• **DATASET CONTENT**:
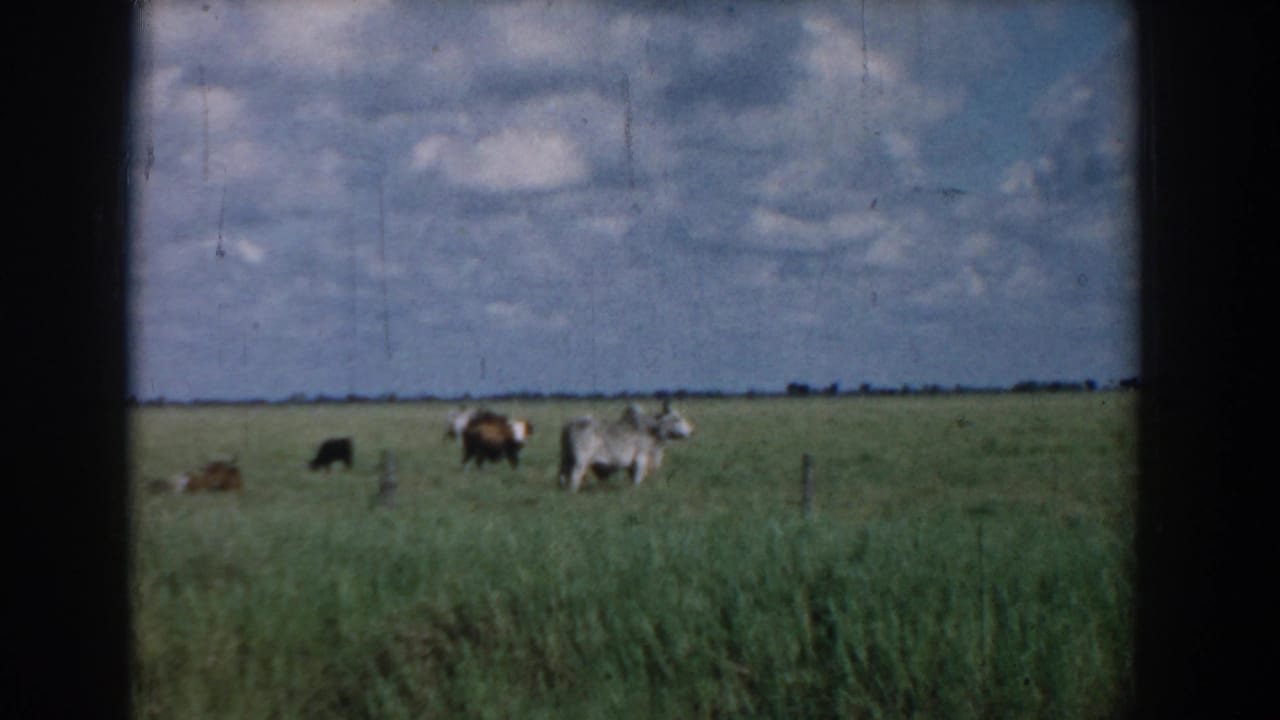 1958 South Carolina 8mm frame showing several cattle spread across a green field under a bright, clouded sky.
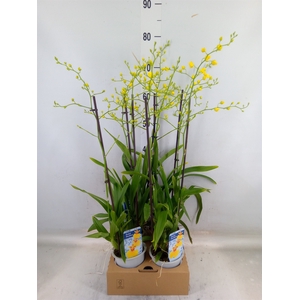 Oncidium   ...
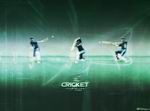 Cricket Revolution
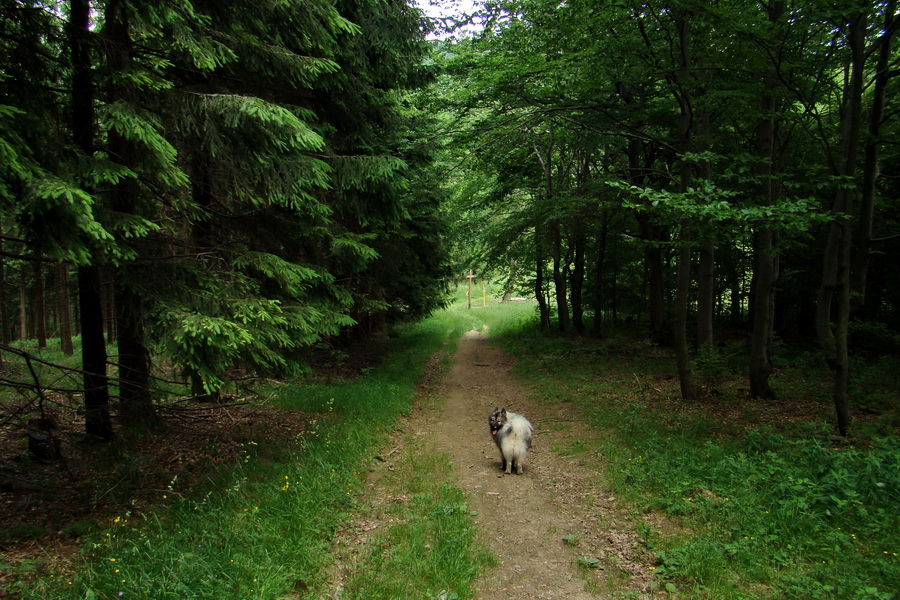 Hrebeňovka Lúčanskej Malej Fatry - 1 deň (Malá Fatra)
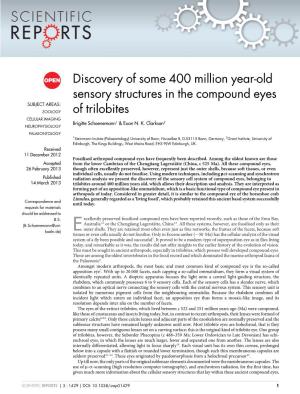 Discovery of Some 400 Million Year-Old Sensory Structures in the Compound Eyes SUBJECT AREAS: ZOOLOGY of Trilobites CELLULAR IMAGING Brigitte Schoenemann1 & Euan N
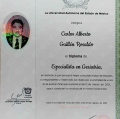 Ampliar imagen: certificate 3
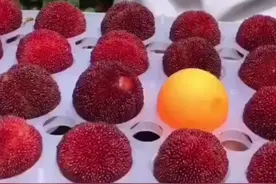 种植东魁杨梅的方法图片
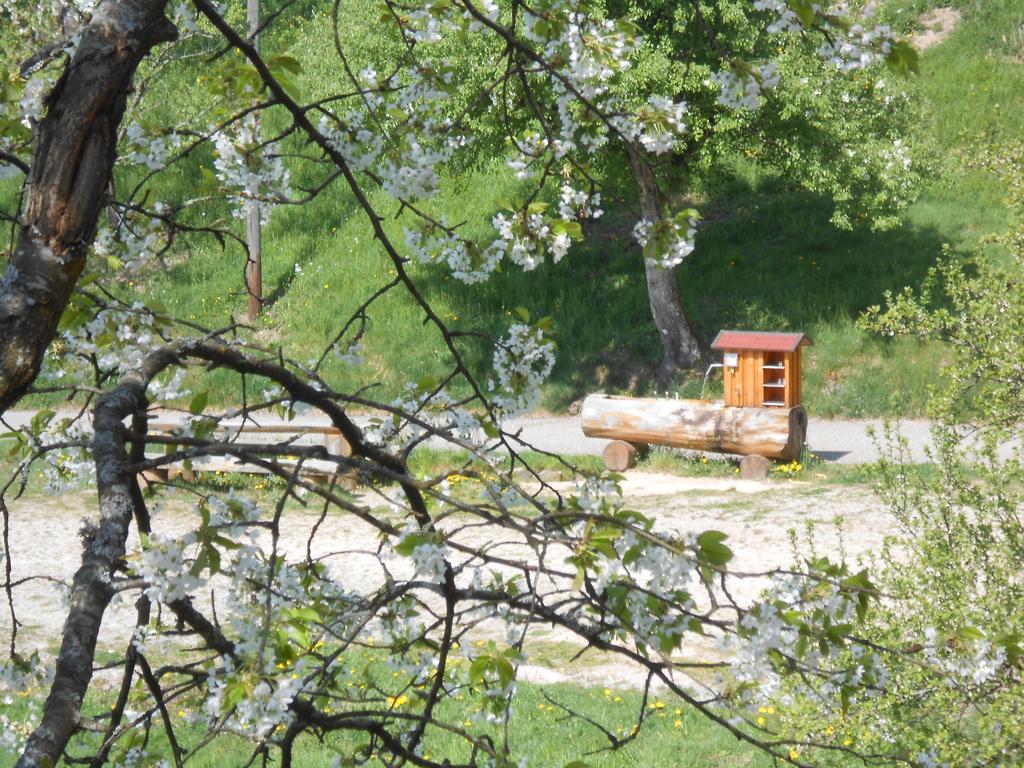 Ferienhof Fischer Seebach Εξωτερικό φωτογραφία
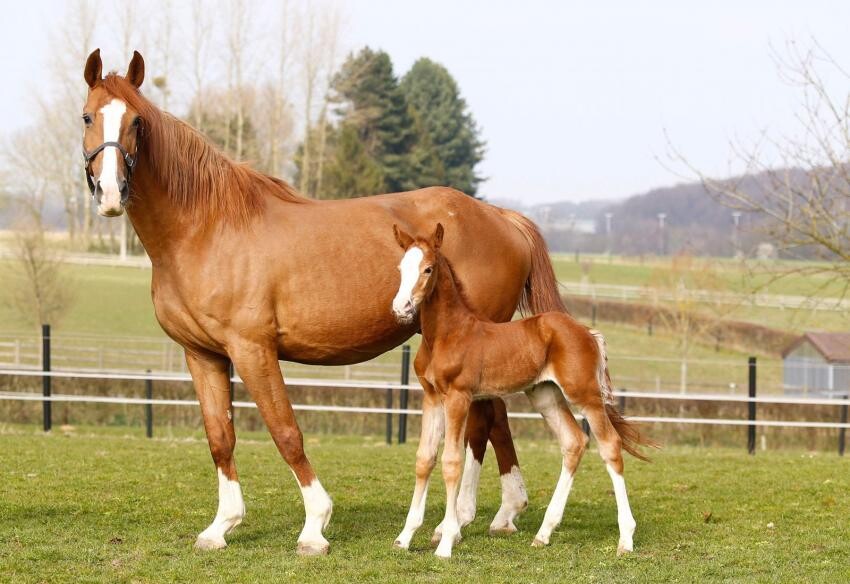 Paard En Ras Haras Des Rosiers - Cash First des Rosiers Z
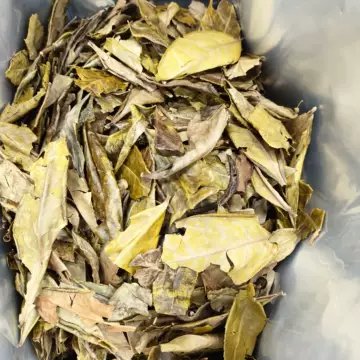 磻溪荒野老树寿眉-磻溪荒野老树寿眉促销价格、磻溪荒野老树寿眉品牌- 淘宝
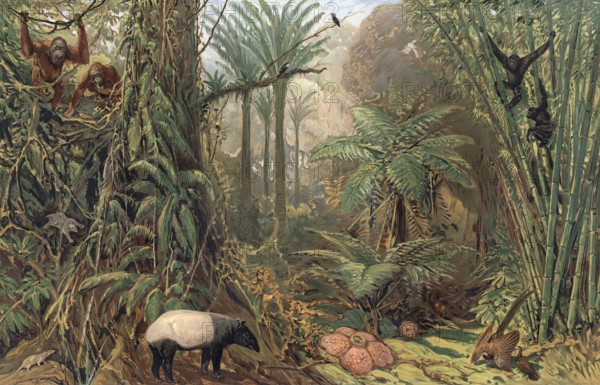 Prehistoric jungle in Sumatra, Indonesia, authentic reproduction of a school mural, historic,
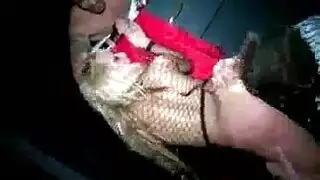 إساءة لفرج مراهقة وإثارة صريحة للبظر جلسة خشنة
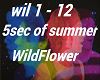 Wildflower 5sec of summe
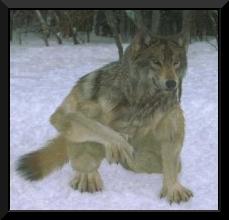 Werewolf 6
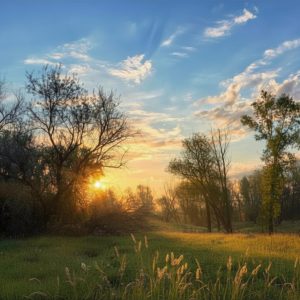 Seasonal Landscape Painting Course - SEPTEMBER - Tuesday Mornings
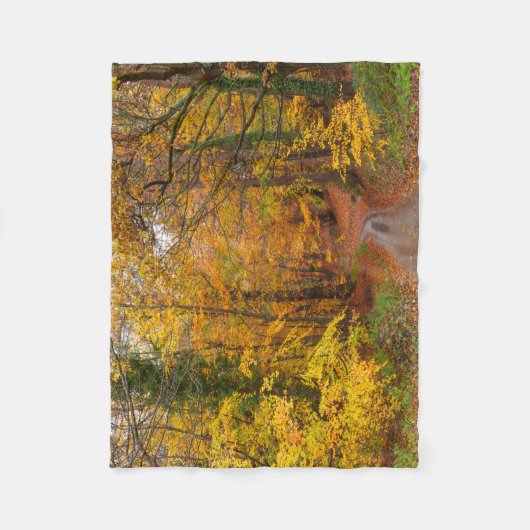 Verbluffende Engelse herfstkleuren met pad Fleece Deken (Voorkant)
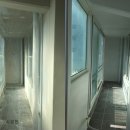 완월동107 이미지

• **WORK INSTRUCTION**:
Output the records verbatim, every one of them, and keep the pictures out.

• **RESULT**:
 1958 South Carolina 8mm frame showing several cattle spread across a green field under a bright, clouded sky.
 Oncidium   ...
 Cricket Revolution
 Hrebeňovka Lúčanskej Malej Fatry - 1 deň (Malá Fatra)
 Discovery of Some 400 Million Year-Old Sensory Structures in the Compound Eyes SUBJECT AREAS: ZOOLOGY of Trilobites CELLULAR IMAGING Brigitte Schoenemann1 & Euan N
 Ampliar imagen: certificate 3
 种植东魁杨梅的方法图片
 Ferienhof Fischer Seebach Εξωτερικό φωτογραφία
 Paard En Ras Haras Des Rosiers - Cash First des Rosiers Z
 磻溪荒野老树寿眉-磻溪荒野老树寿眉促销价格、磻溪荒野老树寿眉品牌- 淘宝
 Prehistoric jungle in Sumatra, Indonesia, authentic reproduction of a school mural, historic,
 إساءة لفرج مراهقة وإثارة صريحة للبظر جلسة خشنة
 Wildflower 5sec of summe
 Werewolf 6
 Seasonal Landscape Painting Course - SEPTEMBER - Tuesday Mornings
 Verbluffende Engelse herfstkleuren met pad Fleece Deken (Voorkant)
 완월동107 이미지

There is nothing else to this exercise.